Woodlief began skating when he was “four or five” and was introduced to the game before attending first grade. He developed superb mobility, instincts, positioning, and puck-handling ability. The checklist of attributes included flexibility and a wellspring of fearlessness.
Whether tracking the puck and then applying a quick-twitch, flamboyant windmill robbery or standing up and dropping to one knee or even stacking his pads to stop a hard-charging short-handed attack, there was nothing formulaic to Woodlief’s style. He knew when to roam and challenge shooters, or remain in the crease outside his goal, consistently making the save that every shot warranted.
“It was fun but I missed not representing St. Thomas in some way,” Woodlief says. “One of my best memories from this past (senior) season was having about a dozen classmates come out to a couple of games. That’s as close as I got to that pride of playing for your school.”
Goaltending is not a snapshot of past acclaim, it’s a kaleidoscope of the present, continually twirling. And so, too, are Woodlief and McColloster, top shelf in the now after meeting the most stringent of scholastic demands. Refusing complacency, ever-evolving and aspiring.
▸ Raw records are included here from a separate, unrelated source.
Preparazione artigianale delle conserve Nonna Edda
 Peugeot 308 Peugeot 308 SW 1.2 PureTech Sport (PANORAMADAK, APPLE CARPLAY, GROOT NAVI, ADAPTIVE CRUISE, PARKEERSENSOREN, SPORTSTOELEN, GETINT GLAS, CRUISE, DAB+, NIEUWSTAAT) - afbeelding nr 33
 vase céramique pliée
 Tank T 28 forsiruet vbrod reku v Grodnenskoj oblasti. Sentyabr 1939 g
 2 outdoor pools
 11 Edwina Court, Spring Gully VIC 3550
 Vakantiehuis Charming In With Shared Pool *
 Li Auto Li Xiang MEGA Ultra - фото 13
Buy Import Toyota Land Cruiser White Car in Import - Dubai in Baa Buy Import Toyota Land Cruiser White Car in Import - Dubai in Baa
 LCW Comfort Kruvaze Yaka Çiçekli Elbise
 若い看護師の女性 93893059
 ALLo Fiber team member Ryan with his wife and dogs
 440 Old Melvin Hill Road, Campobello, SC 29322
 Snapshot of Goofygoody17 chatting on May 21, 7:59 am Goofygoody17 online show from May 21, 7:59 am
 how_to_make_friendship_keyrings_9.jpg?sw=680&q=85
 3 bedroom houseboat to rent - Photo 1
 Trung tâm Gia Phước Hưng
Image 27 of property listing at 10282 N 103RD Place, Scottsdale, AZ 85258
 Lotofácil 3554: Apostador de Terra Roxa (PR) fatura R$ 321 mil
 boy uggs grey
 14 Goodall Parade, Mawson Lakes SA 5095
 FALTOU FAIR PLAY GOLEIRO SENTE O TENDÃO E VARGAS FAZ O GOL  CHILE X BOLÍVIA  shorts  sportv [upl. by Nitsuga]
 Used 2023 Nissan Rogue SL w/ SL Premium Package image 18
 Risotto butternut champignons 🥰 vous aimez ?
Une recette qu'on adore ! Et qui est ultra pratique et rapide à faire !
“Once the valedictorian rank was official, the recognition felt good for about 15 minutes,” Woodlief says. “I had a hockey banquet the next night and the satisfaction of those awards lasted about 15 minutes. Time to move on to whatever is next.”
As they live out their series of Warholian successes, Woodlief and McColloster are confident in confronting the next chapters of their educational and personal experience with hope and gratitude. Within the communal spirit of the St. Thomas campus community where supreme scholars are savored with all the critical attention that a gourmet gives a Chateaubriand, they are respected by peers and faculty, known and remembered as not only studious but trustworthy and loyal and courteous, engaging if not garrulous.
Valedictorian Woodlief. Salutatorian McColloster. Setting the standard. Accomplished, inspired, and inspiring Men of St. Thomas.
Catholic. Basilian. Teaching Goodness, Discipline, and Knowledge since 1900.
This was so inspiring and congratulations to you, Peyton. You are an exceptional young man and was a great mentor to my son, freshman, Ryley Sauvinet, 2025. I wish you well son on all your future endeavors!